Recently, my team has been working on implementation related to identity verification (eKYC), and how to handle variant characters in names and addresses has been a hot topic. In Japanese, the same kanji can have subtly different shapes. These are called variant characters.
The 異体字検索漢字リスト published by Japan's Ministry of Health, Labour and Welfare is a useful reference (there are actually many more variants than the list covers).
It seemed difficult for a person to quickly judge whether a variant character shown on an identity document and a kanji character manually entered by a user refer to the same character, especially if they have to check sources like the PDF above every time. So I made a simple web tool for this.
You can try it at https://moji.stenyan.dev/.
What is "MJ縮退マップ検索"?
The 文字情報技術促進協議会 publishes a dataset that fits this use case well.1 For example, it can show that the corresponding character for "邉" in "渡邉" is "辺", or for "髙" is "高".

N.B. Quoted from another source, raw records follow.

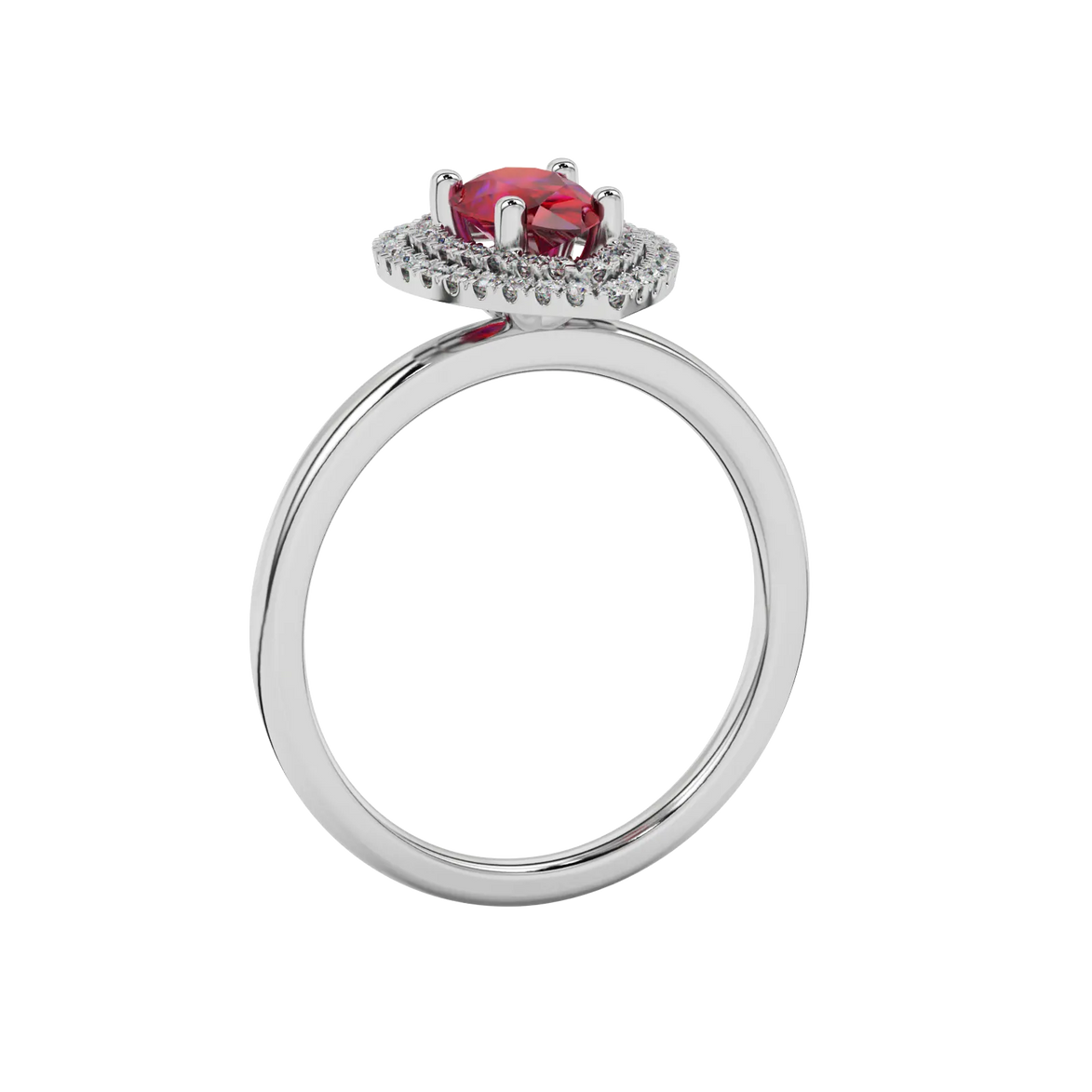 Side profile, white gold raspberry red ring, falling edge halo gallery.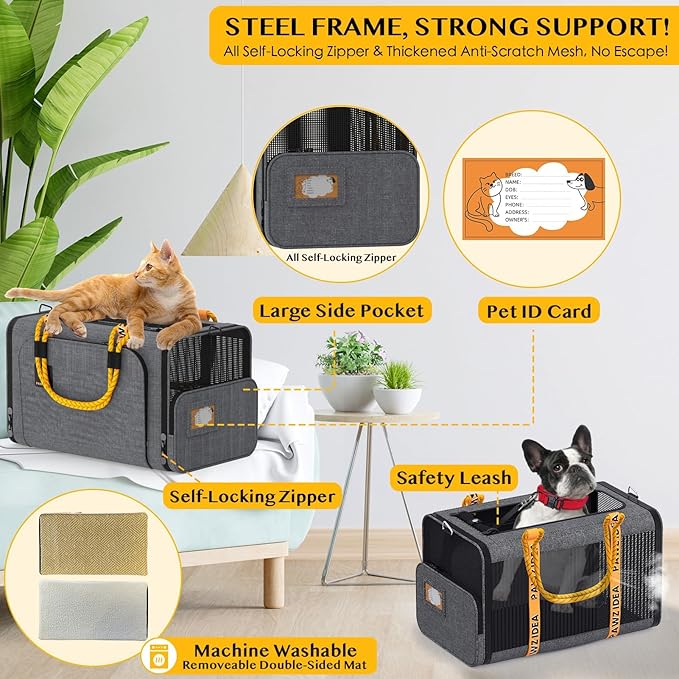 PAWZIDEA Expandable Pet Carrier w/ID Card, 18x11x11 in Small Dog Carrier TSA Airline Approved, Top Load Cat Carrier for 2 Cats Under Seat, Soft-Sided Collapsible Puppy Car Seat Dog Travel Bag, Up 15lb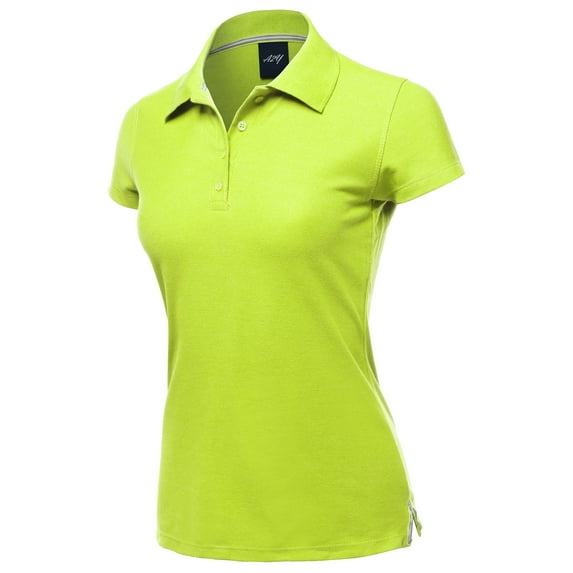 A2Y Women's Basic Casual 4-Button Junior-Fit PK Ring Spun Cotton Pique Polo Shirt Neon Yellow 2XL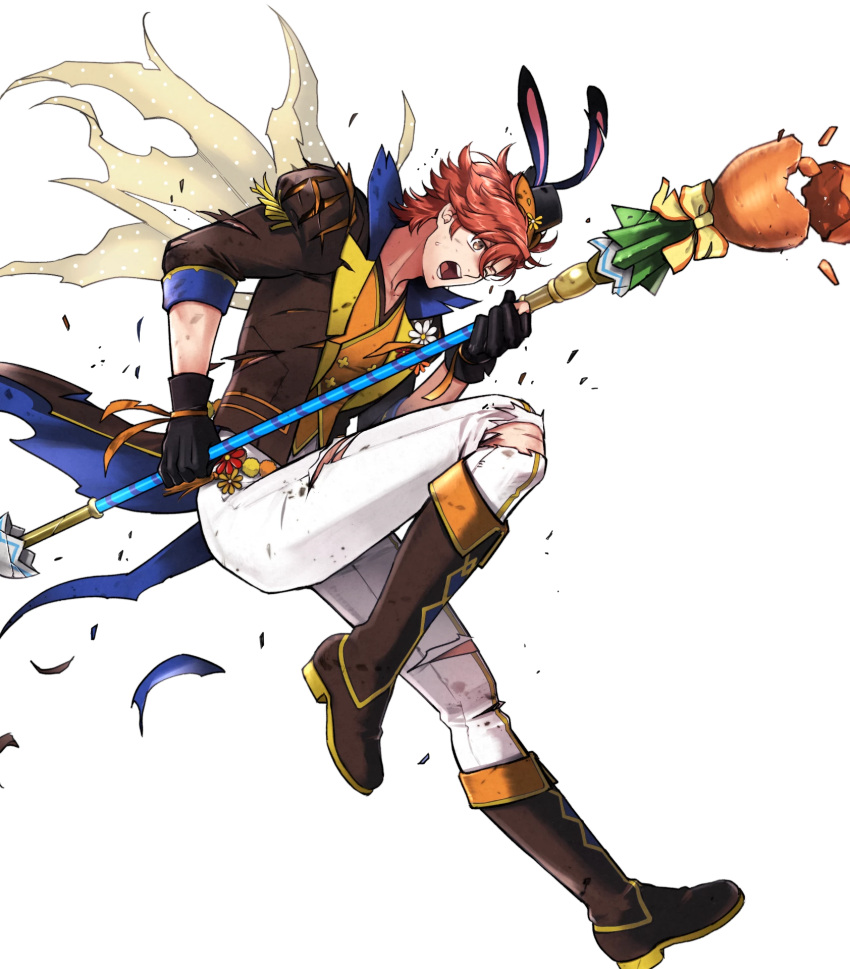 1boy animal_hat black_gloves boots broken broken_weapon brown_footwear cape damaged fire_emblem fire_emblem:_three_houses fire_emblem_heroes gloves hat highres holding holding_pole non-web_source official_alternate_costume official_art pants pole polearm rabbit_hat red_eyes red_hair solo sylvain_jose_gautier sylvain_jose_gautier_(spring) torn_clothes torn_pants weapon white_pants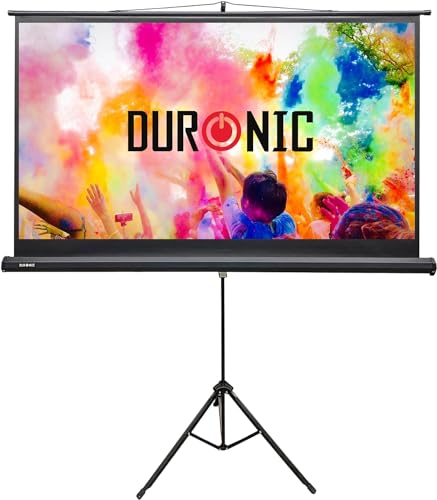 Duronic TPS75 Leinwand | 75" Stativleinwand | Stativ Beamerleinwand mit 166 x 93 cm Fläche im 4:3 Format | Heimkino mit 4K Full HD 3D | Projektorleinwand für Schule und Büro | Präsentationsleinwand von Duronic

Using this dataset, I made a tool that can search both target and source candidates at once. This made it easier to look up the relationship between a specific character and its candidates.2
As a side note, depending on the font, some characters may fail to render and appear as "tofu glyphs". The 文字情報技術促進協議会 also provide a font to avoid that,3 and this tool uses it as well.
Footnotes
-
https://moji.or.jp/mojikibansearch/basic also has a search page, but it did not seem to provide a way to fetch both target and source candidate results at once, so I made a separate tool. ↩